Web page caption snippets:
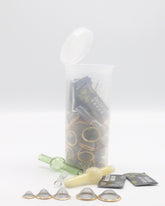 100 PCS Conical Pipe Filter Gauze – All Sizes (12mm, 15mm, 17mm, 20mm, 22mm) + Brass Screens (Golden & Silver) – Packed in 60 Dram Storage Container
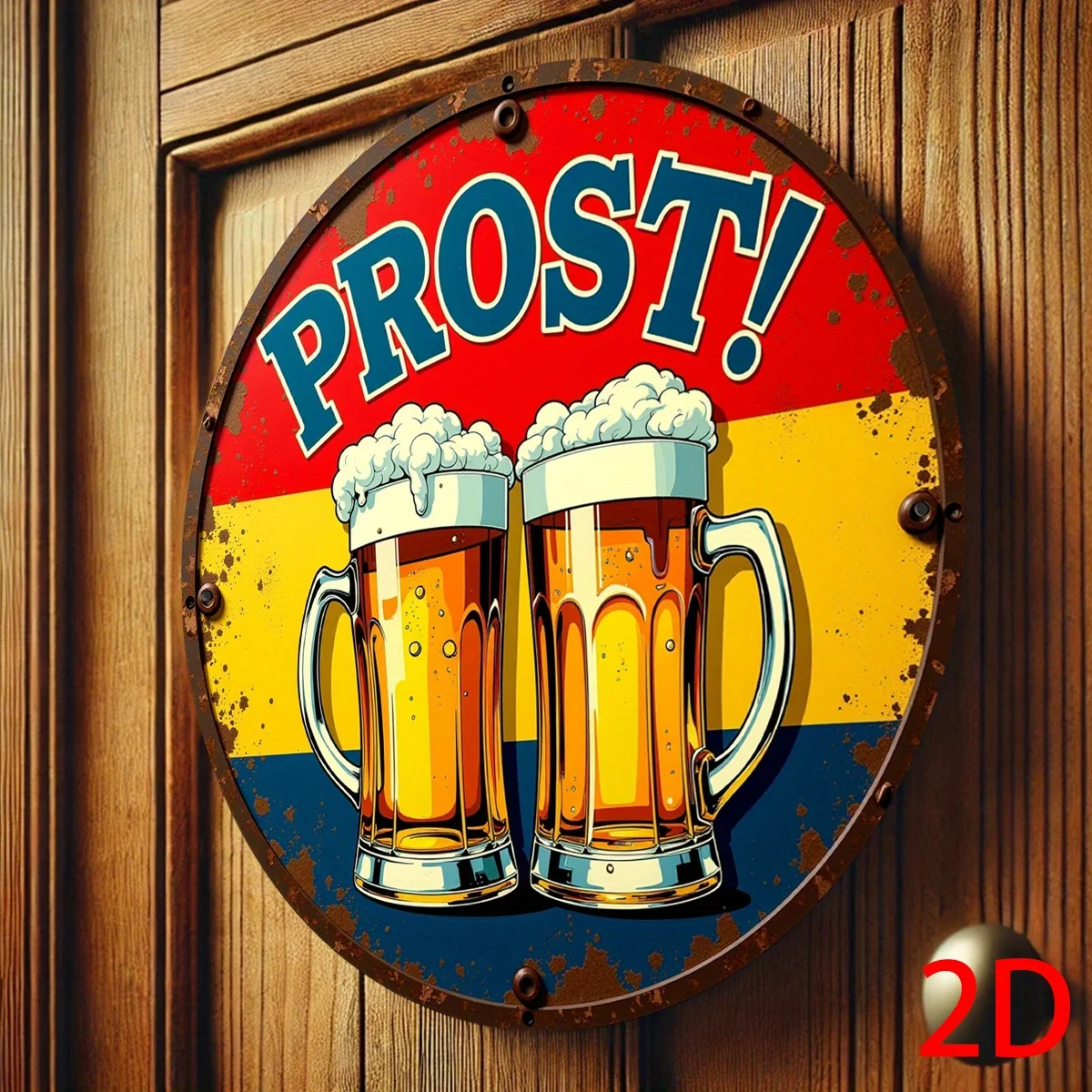 2D Flat - Vintage German Oktoberfest Prost! Beer Mug Metal Wall Decor - Retro Bavarian Pub Sign with Cheers! - Heavy-Duty Alumin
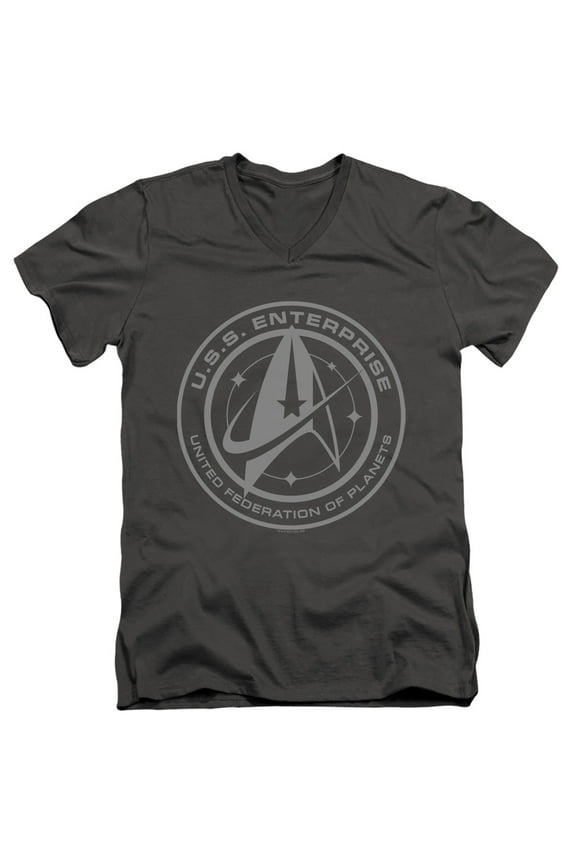 Star Trek Discovery Enterprise Crest Adult V-Neck 30/1 T-Shirt Charcoal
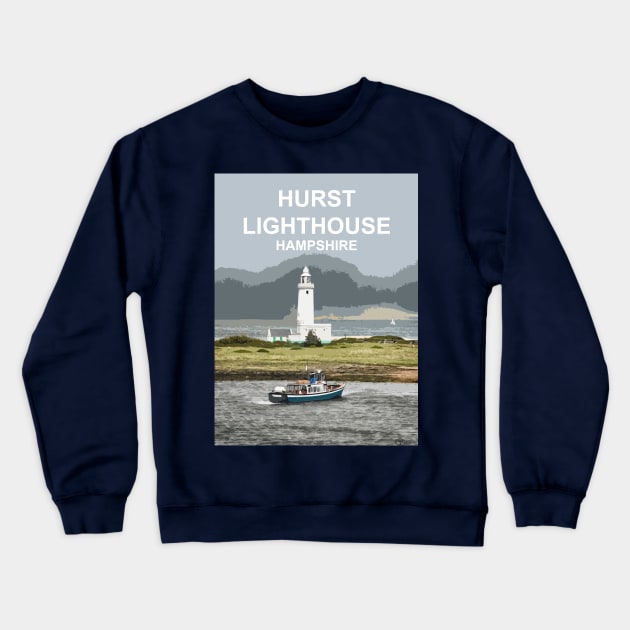 Hurst Lighthouse Hampshire gift. Travel poster Crewneck Sweatshirt by BarbaraGlebska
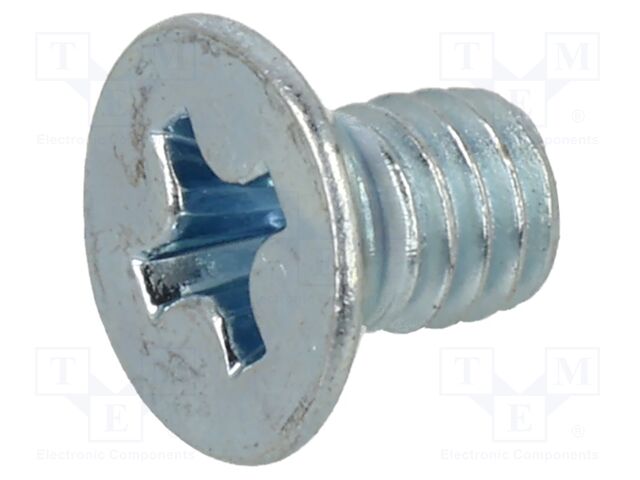 Screw; M4x6; Head: countersunk; Phillips; PH2; steel; zinc; DIN 965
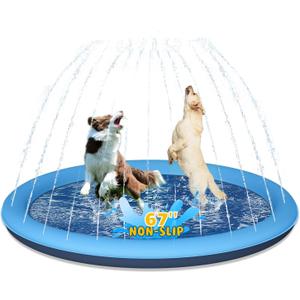 Dog Splash Pad, 67" Non-Slip Thickened Sprinkler Pool, Summer Outdoor Pet Water Play Mat, Splash Pad for Dogs & Kids (Blue-round)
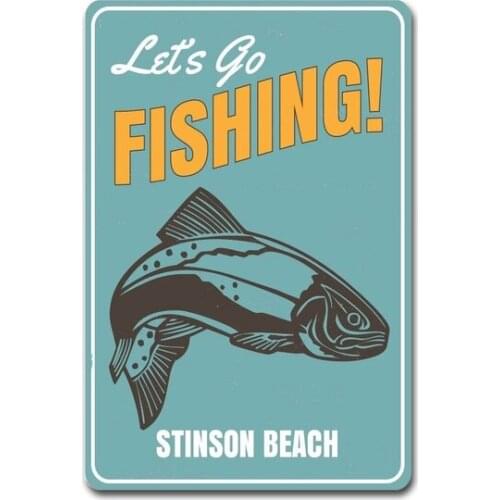 Personalized Fish Beach Location Name Decor, Fisherman Man Cave Beach House Gift, Fisherman - Novelty Tin Sign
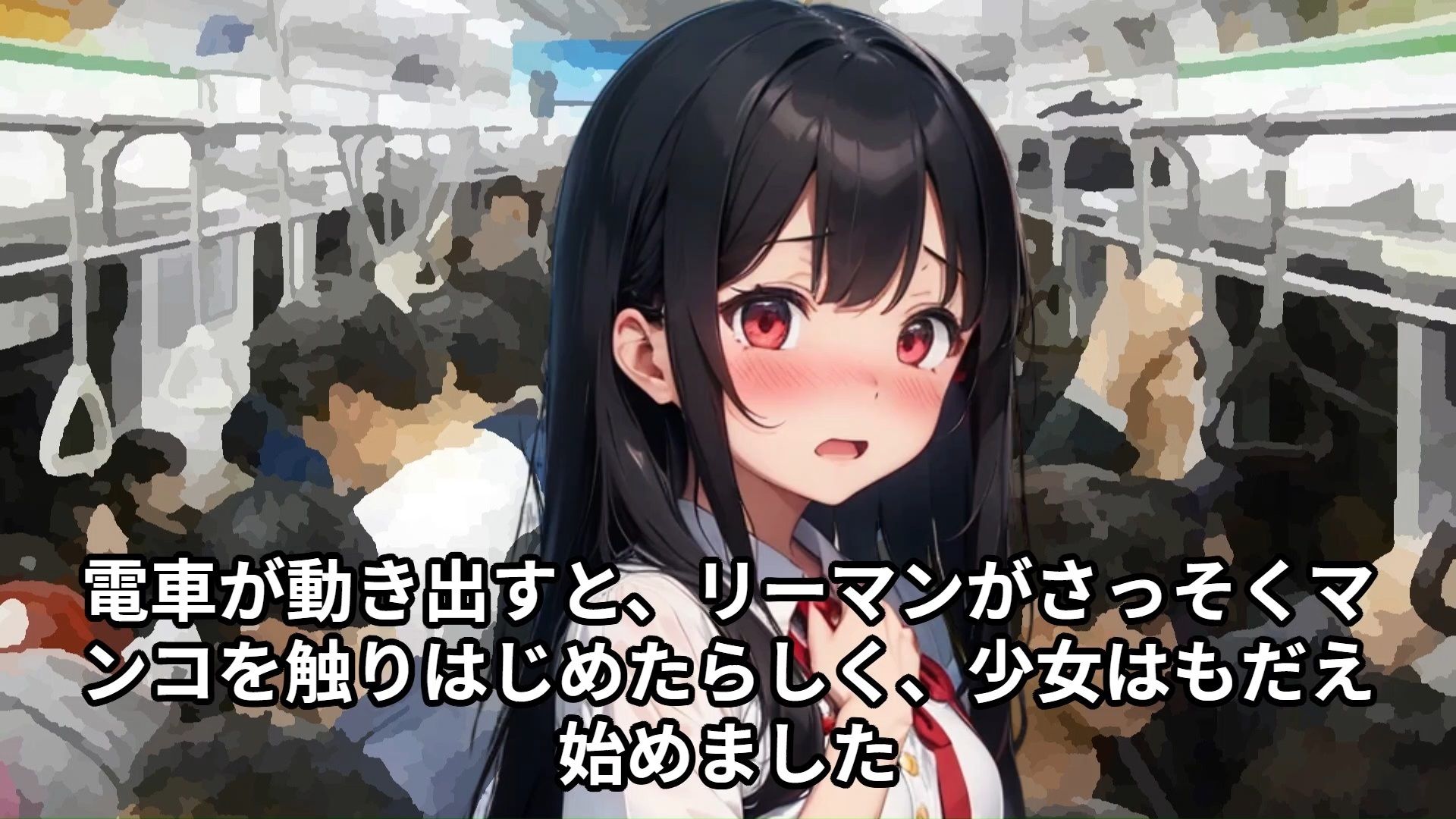 サンプル画像5:【少女痴●体験告白】清楚だけどたまたま生理前で気持ちが高ぶっていた少女が満員電車で痴●たちに狙われてしまった話(少女痴●体験告白) [d_433459]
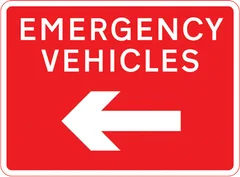 Junction ahead leading to a route for emergency vehicles to a temporary incident control point — UK road sign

◆ **What the exercise asks**
Every line from the one holding "Dogs & Kids (Blue-round)" through the end of the records above must be reproduced verbatim, pictures excepted.

◆ **Reply to the task**
 Dog Splash Pad, 67" Non-Slip Thickened Sprinkler Pool, Summer Outdoor Pet Water Play Mat, Splash Pad for Dogs & Kids (Blue-round)
 Personalized Fish Beach Location Name Decor, Fisherman Man Cave Beach House Gift, Fisherman - Novelty Tin Sign
 サンプル画像5:【少女痴●体験告白】清楚だけどたまたま生理前で気持ちが高ぶっていた少女が満員電車で痴●たちに狙われてしまった話(少女痴●体験告白) [d_433459]
 Junction ahead leading to a route for emergency vehicles to a temporary incident control point — UK road sign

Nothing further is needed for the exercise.